Recall the equation $y - y_0 = \lambda (x - x_0)$ of straightlines in Cartesian coordinates. $\lambda$ is the slope $\tan(\theta)$, which is $\overline{OA}$ here, $O = (0, 0)$ being the origin. $(x_0, y_0) = (-1, 0)$ so subbing in gives the equation $y = \lambda (x + 1)$. This must also hold at the moving point $(u, v)$ on the circle, for which $v = \lambda (u + 1)$. Thus, we have two relations between $u$ and $v$ while $(u, v)$ is moving on the path we set up for it : the standard $u^2 + v^2 = 1$ and $v = \lambda (u + 1)$. However, when $(u,v)$ stumbles onto a rational point on the circle (there are infinitely many, take $(3/5, 4/5)$), then from the second relation, $\lambda$ must be rational also (quotient of two rationals is a rational). Thus, ALL of rational points $(a, b)$ on the circle $x^2 + y^2 = 1$ satisfies

$a^2 + b^2 = 1$ AND
$a = t(b+1)$ for some *rational* $t$ (the slope).

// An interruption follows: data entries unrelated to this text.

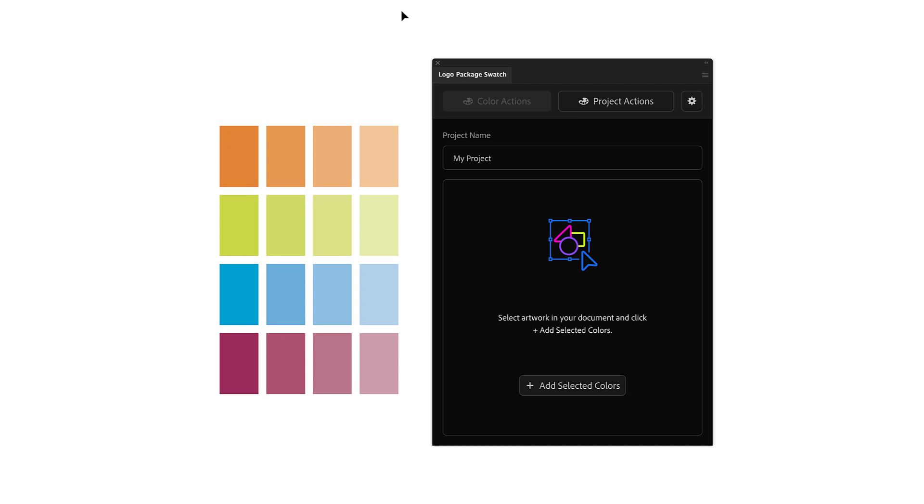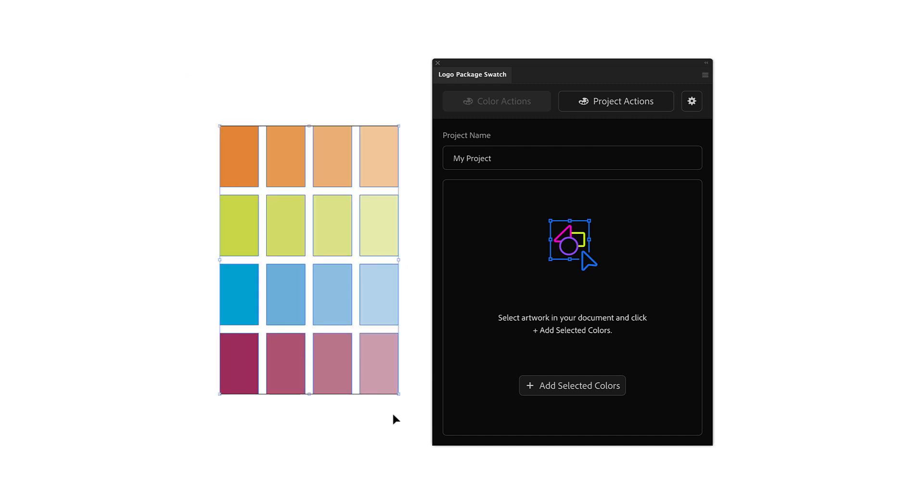Let's see how it works. In order to convert the colors from your project, all you need to do is make a selection of the colors on your document, go to the Logo Package Swatch panel, and click the Add Selected Colors button.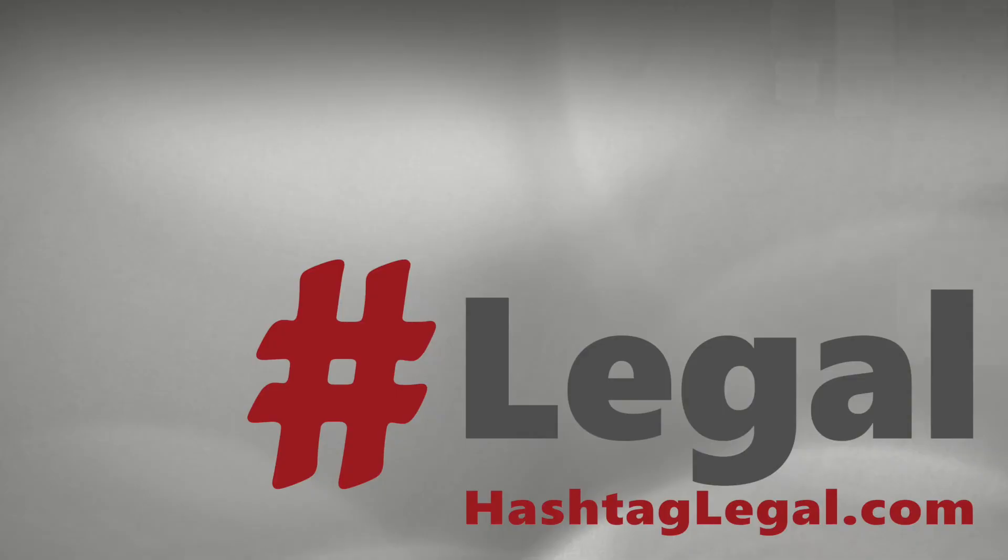If you have any ideas for more tools to add to this collection, be sure to email me at nick at hashtag legal.com. I'm always open to interesting suggestions and new ideas. That's it for this video. Thank you for watching.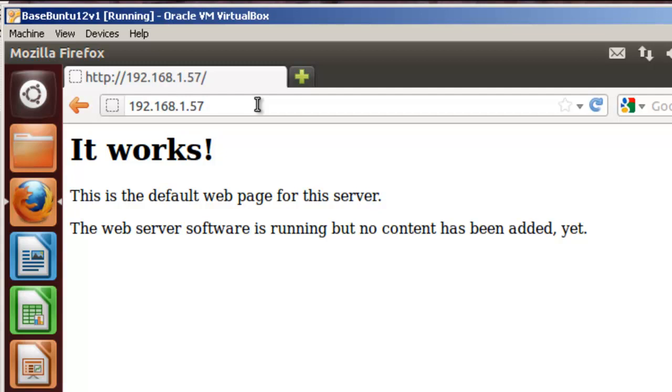If anybody has installed Ubuntu into Hyper-V before, you'll know that this is the easiest install you've ever seen. Thank you.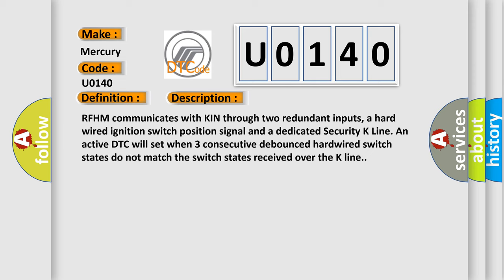RFHM communicates with KIN through two redundant inputs: a hardwired ignition switch position signal and a dedicated security K-Line. An active DTC will set when three consecutive debounced hardwired switch states do not match the switch states received over the K-Line.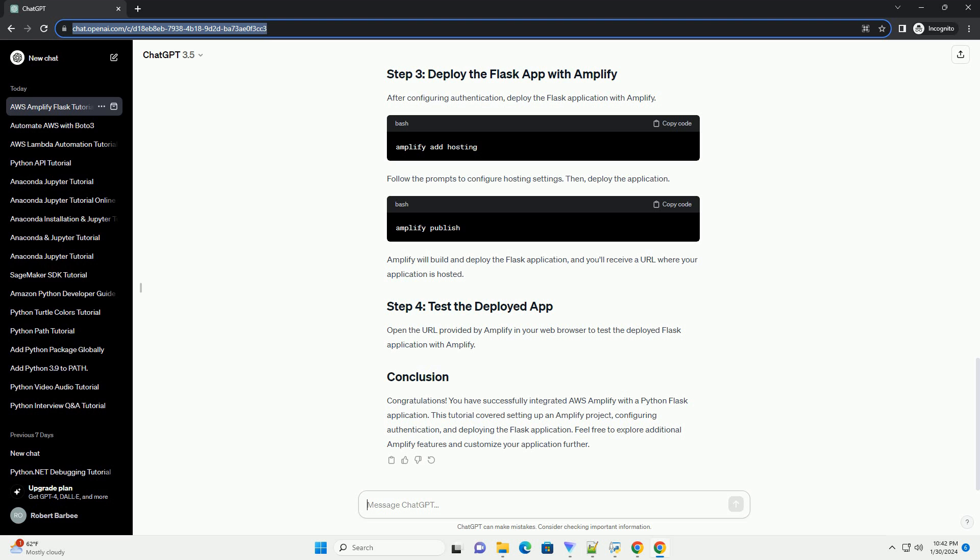Initialize a new Amplify project by running the following commands. Follow the prompts to configure your Amplify project. Choose Manual Deployment when prompted. Create a new deployment environment for your Flask app and follow the prompts to configure it. Edit the amplify/backend/backend-config.json file and update the frontend section with the required settings.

Subbing the second into the first, $t^2 (b+1)^2 + b^2 = 1 \Longrightarrow (t^2+1)b^2 + 2bt^2 + t^2-1 = 0$ which factors as $((1+t^2)b-(1-t^2))(b+1)$. Solving for $b$ and finding $a$ from the second equation gives you the desired solution set (well, a *complete* solution set, i.e., all rational solutions are of that form).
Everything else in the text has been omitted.